Source: Image courtesy of Martin Trapecar, MIT

More than 80% of Parkinson’s cases cannot be linked to a specific gene mutation, but the rest do have a genetic cause. The cells that the MIT researchers used for their Parkinson’s model carry a mutation (A53T) that causes accumulation of the alpha synuclein protein, which damages neurons and causes inflammation in brain cells. Jaenisch’s lab has also generated brain cells that have this mutation corrected, but are otherwise genetically identical and from the same patient as the diseased cells.

Griffith and Trapecar first studied these two sets of brain cells in microphysiological systems that were not connected to any other tissues, and found that the Parkinson’s disease cells showed more inflammation than the healthy, corrected cells. The PD cells also had impairments in their ability to metabolize lipids and cholesterol.

The researchers then connected the brain cells to tissue models of the colon and liver, using channels that allow immune cells and nutrients, including SCFAs, to flow between them. They found that for healthy brain cells, exposure to SCFAs was beneficial, and helped them to mature. However, when brain cells derived from Parkinson’s patients were exposed to SCFAs, the beneficial effects disappeared. Instead, the cells experienced higher levels of protein misfolding and cell death.

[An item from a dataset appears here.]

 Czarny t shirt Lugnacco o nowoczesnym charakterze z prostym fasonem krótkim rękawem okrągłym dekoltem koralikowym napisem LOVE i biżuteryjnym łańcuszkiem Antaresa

These effects were seen even when immune cells were removed from the system, leading the researchers to hypothesize that the effects are mediated by changes to lipid metabolism. “It seems that short-chain fatty acids can be linked to neurodegenerative diseases by affecting lipid metabolism rather than directly affecting a certain immune cell population,” Trapecar said. “Now the goal for us is to try to understand this.”

The findings offer support for the notion that human tissue models could provide insights that animal models cannot, Griffith said. The researchers plan to model other types of neurological diseases that may be influenced by the gut microbiome.

“We have created a human gut-liver-cerebral physiomimetic system that incorporates cells of both the innate and adaptive immune system,” the authors stated. “Using this approach and advanced genetic tools, we were able to observe increased maturation of hiPSC-derived neurons, astrocytes, and microglia on the transcriptomic level. Our conceptual and experimental model of continuous and prolonged interactive immune-metabolic cross-talk between organ systems represents a significant advance in modeling the human gut-brain axis in the context of NDs in vitro.”

Griffith further noted, “We should be really pushing development of these, because it is important to start bringing more human features into our models. We have been able to start getting insights into the human condition that are hard to get from mice.” The team is now working on a new version of the model that will include micro blood vessels connecting different tissue types, which will allow researchers to study how blood flow between tissues influences them.